Like it just happened. All of it. Without much planning at all. Something came forward. And it happened in a space where time seemed to stand still. And where this was the only thing I wanted to focus on in the entire world.
The place of genius.
If we knew—if we really, really knew—just how genius we were, we’d never doubt or question or over-plan or second-guess ourselves. We’d just let it happen. And happen, it would.
Because, once we get out of the way and take our doubts and concerns with us, the flow of genius just happens.
And the thing is—we’ve all experienced it before. Like when we’re having a really deep conversation with a best friend, and we look at the clock and can’t believe how many hours have passed. And we had so many epiphanies. And it was all soul-nourishing.
We lost track of time. We were so invested in the moment. We forgot to question or doubt ourselves. And genius happened.
My intention is to have every moment of my life be like that deep conversation with a best friend. Or, at least, as many moments as possible.
Where I’m fully me. Fully present. And I can just trust that what comes forward is perfect and right. Because I’m perfect and right.

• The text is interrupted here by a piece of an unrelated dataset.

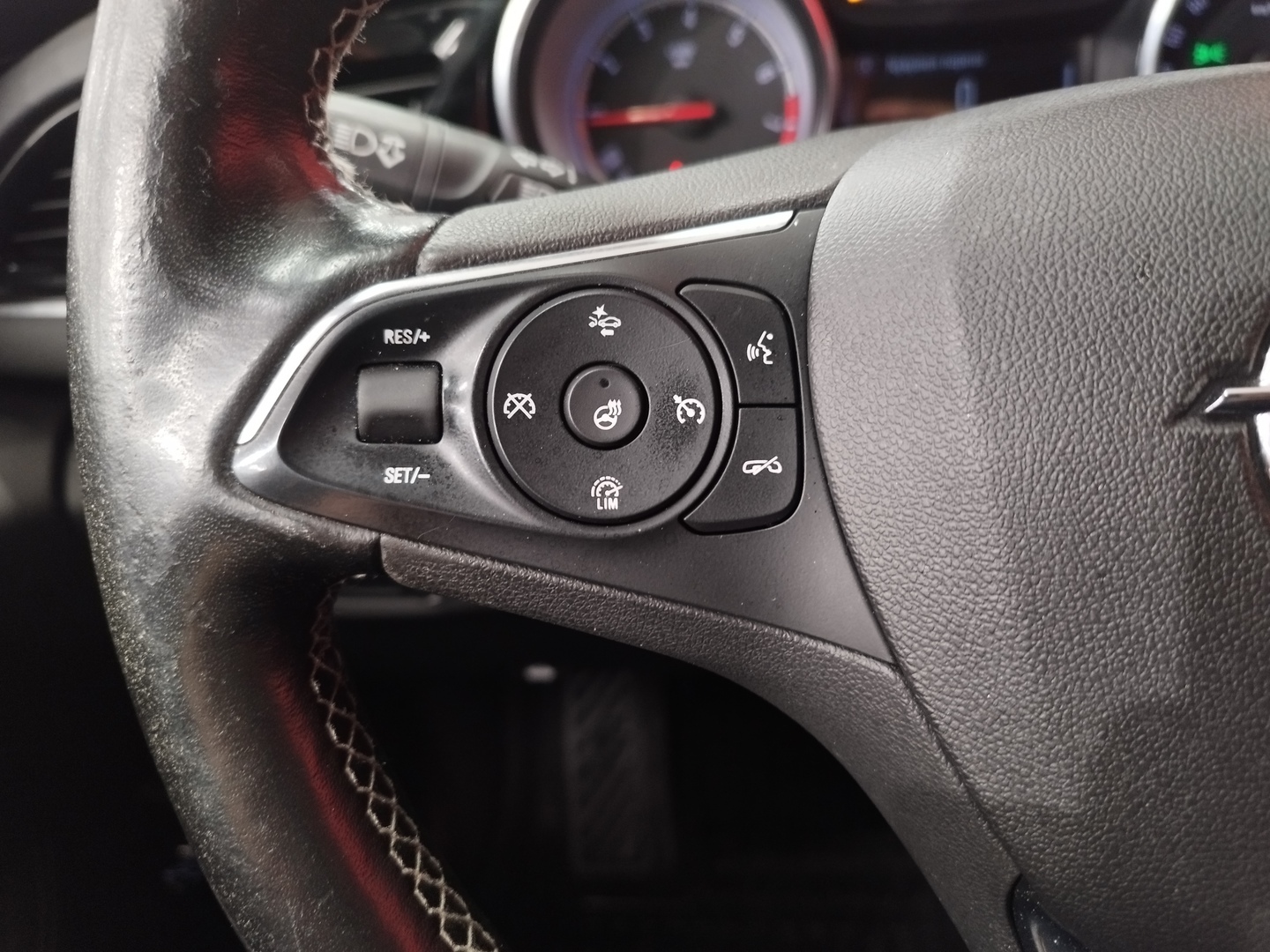 OPEL Insignia 12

I’m not fucked up or broken or wrong. I’m not “too much” or “not enough.” I’m genius.
Every fucking time. I’m genius.
And, sure, some people might not resonate every time. That’s cool. But would a genius doubt their entire being because a few people don’t resonate? How preposterous.
When we know our genius, we don’t question ourselves as much. When we know our genius, we don’t have to try so hard. When we know our genius, we can just let it flow.
It’s like catching a rhythm, a melody, and you just jump right into the flow. And it carries you. Your genius carries you. Because it’s that point of connection to something bigger than yourself.
Listen here, visionary. You are a genius. You are. Period.
You get to have an emotional reaction or emotional freakout to that statement, but it doesn’t make it untrue.
You are a genius.
You’ve seen it with your closest friends. You’ve seen it when you were so invested and doing something you love. You’ve seen it in moments of sheer miracles.
You are a genius.
If you knew that deeply, would you be able to trust yourself?
Questions for Reflection:
*Answer in a journal, in the comments right here, or take it over to the Sacred Branding® Facebook group where we can support one another:
Do you tend to overthink or second-guess yourself?
— Do you spend a lot of time planning out what you’re going to say or write? Do you often second-guess yourself or feel like you need to over-explain yourself?
— Do you not trust that genius will just come out of you, unprompted, if you allow it? Do you worry that what you’re sharing isn’t “good enough” or is maybe “too much” for some people?
— What if you’re a genius? What if genius comes out of you naturally without even trying? What if the only thing you have to do is know and trust that you are a genius, and you will be shocked at where your life takes you?